Desde hace unos días me detuve a pensar sobre lo que quisiera conservar y lo que preferiría evitar en los próximos meses. Supongo que es un ejercicio muy común (y muchas veces inoficioso) cuando se acaban los años y empiezan otros. Pero no quería extender una lista de mandatos y mucho menos consejos que pudieran incomodar por su falta de criterio o su absoluta ausencia de sentido o autoridad. De todas formas, decidí escribir para mí mismo: observar y escuchar el crujir de las hojas secas que llevo por dentro. Quise dejar sentadas algunas apuestas privadas que libremente me impongo, sabiendo muy bien que en todo propósito valioso es el azar quien tira los dados. Y que la inminencia de perder o fracasar siempre estará vigilante.
Evitar, a toda costa y precio, dar opiniones sobre la vida y decisiones de los demás. Apagar el deseo de confirmar la validez de mis días con juicios hacia los otros. Tomar distancia para que nadie se sienta constreñido a no ser.
Dejarme acompañar en los compromisos y las apuestas (incluyendo estas). Confiar en la responsabilidad y determinación ajenas. Descargar ese incómodo y falso empeño de impulsar. Cada quien sabrá servirse de la vida como bien le plazca. Restringir los pensamientos ante las intermitencias
Encontrar y aferrar lo que interesa, cuestiona y conmueve. Confiar en lo creado y en lo por crear. Someter la dificultad a su mejor versión: la posible y eventual recompensa. Seguir el instinto de contar vidas simples. Inmolar tanto heroísmo. Observar más. Escuchar mejor.
Dudar sobre todas y cada una de las convicciones que alardean de su madurez y su aplomo. Desconfiar de la información, los datos y las opiniones que confirmen lo creído y lo creado. Evitar el morbo de tener la razón y proscribir la bajeza de enrostrar la verdad solemne.

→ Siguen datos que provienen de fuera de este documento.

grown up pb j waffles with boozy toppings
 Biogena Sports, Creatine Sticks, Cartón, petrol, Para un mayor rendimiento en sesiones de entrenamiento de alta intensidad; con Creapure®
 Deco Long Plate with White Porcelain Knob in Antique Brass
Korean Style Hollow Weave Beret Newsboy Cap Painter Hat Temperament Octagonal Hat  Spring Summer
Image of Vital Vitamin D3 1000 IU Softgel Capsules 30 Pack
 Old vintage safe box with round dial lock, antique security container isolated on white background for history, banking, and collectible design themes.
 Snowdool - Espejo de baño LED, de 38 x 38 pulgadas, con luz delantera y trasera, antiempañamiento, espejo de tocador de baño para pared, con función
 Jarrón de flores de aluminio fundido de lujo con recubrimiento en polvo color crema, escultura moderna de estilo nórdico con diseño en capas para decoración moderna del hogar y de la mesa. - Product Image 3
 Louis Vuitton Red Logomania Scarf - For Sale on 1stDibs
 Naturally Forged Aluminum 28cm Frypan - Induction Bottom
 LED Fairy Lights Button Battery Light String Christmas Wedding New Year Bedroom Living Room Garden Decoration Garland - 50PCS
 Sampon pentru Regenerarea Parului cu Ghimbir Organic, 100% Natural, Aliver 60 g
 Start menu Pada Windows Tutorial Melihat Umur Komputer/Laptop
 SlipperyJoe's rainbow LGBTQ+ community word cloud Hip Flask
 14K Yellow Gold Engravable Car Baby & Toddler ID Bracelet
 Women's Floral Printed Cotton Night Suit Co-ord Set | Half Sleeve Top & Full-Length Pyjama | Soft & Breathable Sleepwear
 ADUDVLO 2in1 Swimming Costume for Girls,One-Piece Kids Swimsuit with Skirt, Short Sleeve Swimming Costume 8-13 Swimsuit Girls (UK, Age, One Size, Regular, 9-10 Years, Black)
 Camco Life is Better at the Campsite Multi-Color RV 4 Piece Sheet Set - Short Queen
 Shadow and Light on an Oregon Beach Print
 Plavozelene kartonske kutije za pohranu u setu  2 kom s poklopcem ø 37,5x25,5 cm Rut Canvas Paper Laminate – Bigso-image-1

No dejarme estremecer por la política. Reducirla, en su compresión, a un juego macabro de intercambio locuaz e infame de intereses. No dilapidar los días ni defendiendo ni atacando charlatanes y tercos. Ausentarme a la invitación tanto del fanático como del cínico.
Preferir ser testigo del mundo. Disminuir la frecuencia en lo virtual y a su falsa moralidad de la apariencia. Atender a las personas y desatender las notificaciones. Hacer llamadas más largas. Limitar convertir dedos en alfileres en mensajes imprecisos y redes nefastas.
Ver cine viejo. Entre más viejo mejor. Leer libros viejos. Entre más viejos mejor. Escribir con más frecuencia y juicio. Perder el pudor (o terminar de perderlo). Desoír el ruido de los que no hacen. Empeñar cada ejercicio con el siguiente.
Abolir la culpa por descansar. Aprender a detener el paso más seguido. Recuperar el presente evitando los remordimientos y reproches. Dejar pasar oportunidades que consuman y atrasen. Seguir cosechando lo importante: el amor y los amados. Saber despedirse de lo que parte.
Pasar más tiempo con los viejos. Oír, con paciencia y respeto, las mismas historias como en la primera vez. Acompañarlos en las citas en las que les dictan el tiempo y los males. Hacer las filas necesarias. Soplar los cafés calientes que rezuman tiempo libre y nostalgia.
Pensar con más calma. No reaccionar a las circunstancias. Decidir sin afanes que distorsionan el tamaño y el volumen de las consecuencias. Conocer la llegada de la rabia y hacerle zancadilla. Evitar el placer de herir con las palabras. Abandonar la usura de ciertas disculpas.